İnsan, en gelişmiş canlı örneği olarak bilinir.Gerçekten öyle midir? En gelişmiş canlıların daha çok hayvansal özelliklerden sıyrılması gerekmez mi? Kendi cinsinden başkalarına eziyet etmek, şiddete başvurmak, arbalık, zorbalık, kabalık, barbarlık gelişmiş olan canlı türünde fazlaca bulunursa durum ne olacaktır. Bu hususların gelişmiş olan insan türünde bulunması bu canlı türüne gölge düşürmez mi?
Yaşadığımız mahalleye, köye, kasabaya, kentlere baktığımızda insan türünün değişik örnekleriyle karşılaşırız.
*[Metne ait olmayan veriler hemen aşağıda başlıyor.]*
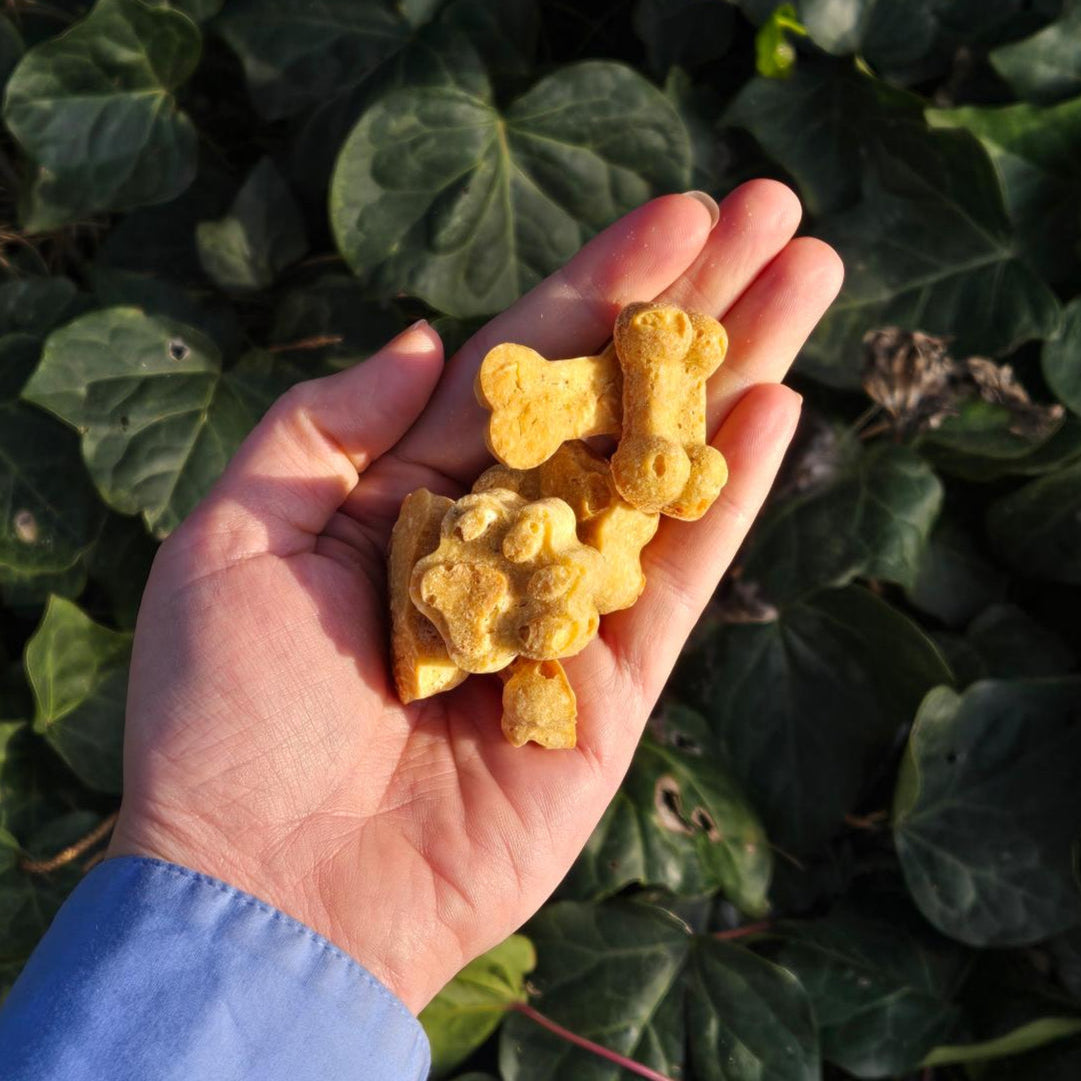 Little Bear Pet Treats Grain-free Biscuits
Görünüşü insan olupta, bu görünüşün hakkını verenler olduğu gibi görünüşü insan olduğu halde insanlığa çok uzak olanlarında bulunduğu zaman içinde görülen hallerdir.
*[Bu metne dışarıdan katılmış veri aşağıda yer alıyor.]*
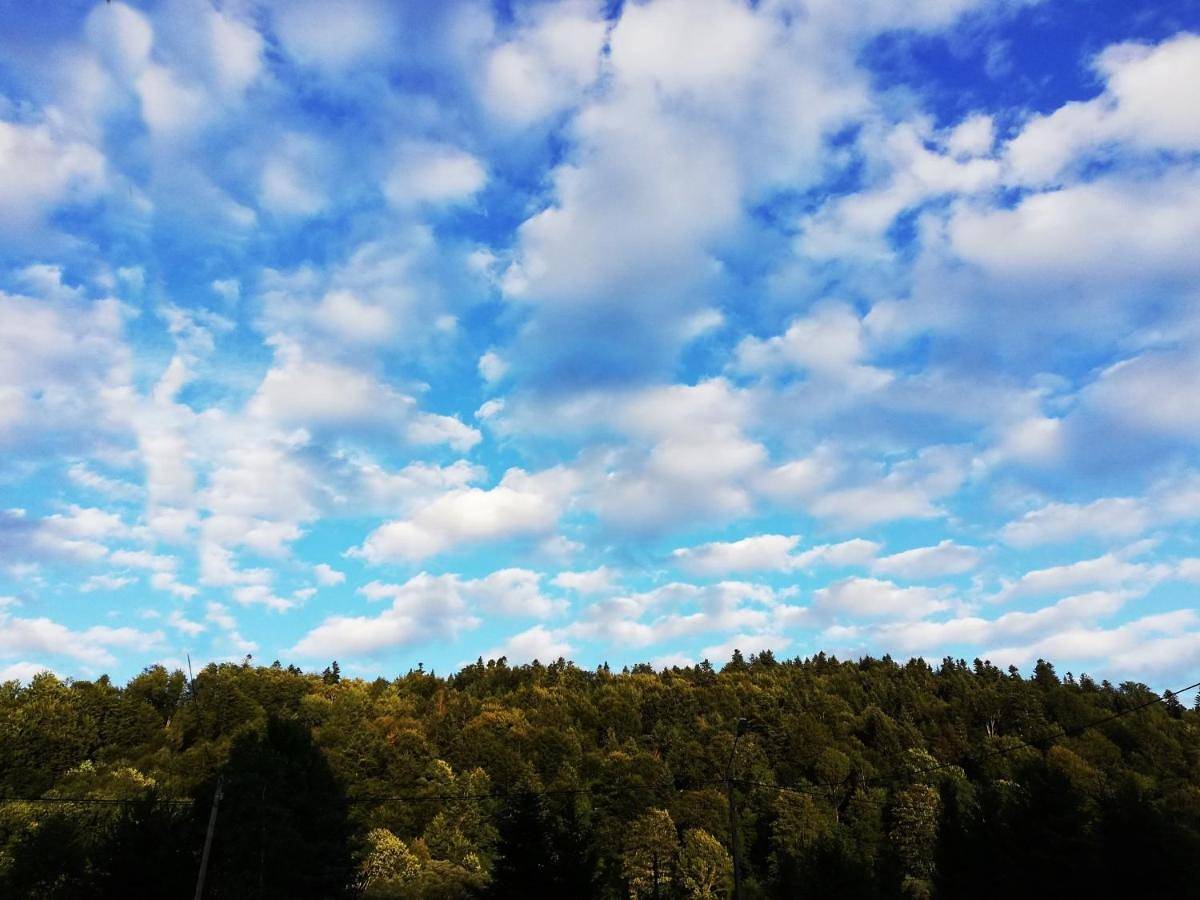 Dom nad Potokiem Dwernik - pokoje z łazienkami in Bieszczady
Bu gibi davranışları benimseyenler bir başkasına bir sebeple saldırmaya hazır olan hasta insanlardır. Bu insanların öfkeleri tavan yaptığı için öfke patlaması yaşarlar. Öfkelerine yenik düşmenin acizliği ile hareket ederler. Bir başkasına zarar vermek için programlanmış halleri vardır. Özel programlar uygulanırsa topluma kazandırılabilir.
Benciliğimiz bizi esir alır, yaşantımız bencilliğimizin sınırı içinde kalırsa insan olmanın gereklerine elbette yabancı kalınmış olacaktır. İyimser bir yaklaşımla insanların aydınlık yüzü daha fazladır. İnsanın aydınlık yüzü ay ışığı gibi diğer insanlara doğacaktır. O zaman insan öz varlığı ile buluşmuş olacağından artık kötülüklere yer kalmamış veya kötülükler kısmen de olsa azaltılmış olacaktır.
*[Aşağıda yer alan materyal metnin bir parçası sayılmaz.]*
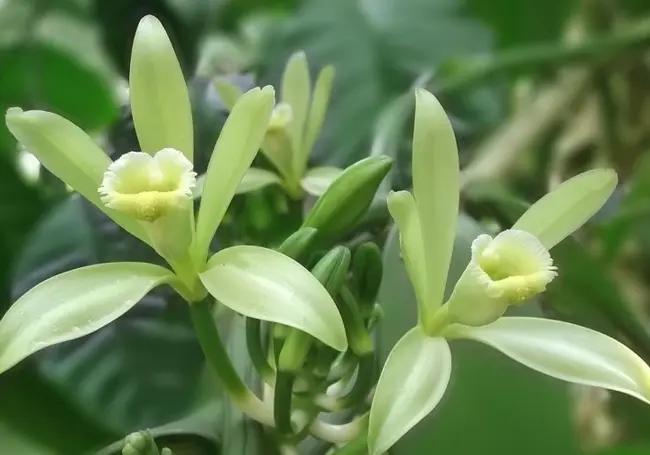 Натуральная ваниль может скоро исчезнуть. Рассказываем почему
Yaşamın anlamı bilinmeli ve görülmelidir. Neydi yaşam? İnsan olmak neydi? Bunlar düşünülmelidir. Bu sorulara yanıt bulabilirsek yaşamı doğru sorgulamış oluruz.
Yaşadığımız bu günlerde kabul edilmesi zor hastalıklardan birisi de gücü ellerine geçirmiş olan güç sahiplerinin kamuya ait kaynakları har vurup, harman gibi savurmasıdır.
Bu durum son yıllarda örnekleri sık sık görülen hastalıklardan olup, kamu kaynaklarında zarara yol açanların verdikleri zararı nasıl içlerine sindirdiği araştırılmalıdır.
Tutarsız tarım politikaları sürdürülürse çiftçiler, üreticiler ülkeye yetecek kadar üretim yapamazlar. Üretim yeterli değilse yoksulluk artar, işsizlik çoğalır. Yoksulluğun ve işsizliğin artması insanların sıkıntıya sokulması anlamını taşır. Oysa, insan olmaya geldim diyebilmek için refahtan pay almak, yoksulluğun ve işsizliğin yaşanmadığı ortamlarda dengeli yaşamaktır.
Topraklarımız en rasyonel şekilde kullanılmalı, su kirliliği yaratılmamalı, ağaçları kesmek şöyle dursun sayıları her geçen gün arttırılmalıdır. Doğal kaynakların kıymeti bilinmeli, en ekonomik şekilde kullanılmalıdır.
Güzellikler hep yaşatılmalı, hava, toprak, su, hayvanlar, bitkiler yaşam düzeyine göre dengede tutulmalıdır.
Dilimiz, kültürümüz birbirimize duyduğumuz yakınlıktır.
Kültürümüz,duygu ve düşünce birliği yaratır. Yaşamı kültürümüz doğrultusunda bir bütün olarak götürebilmemiz sağlanmalıdır.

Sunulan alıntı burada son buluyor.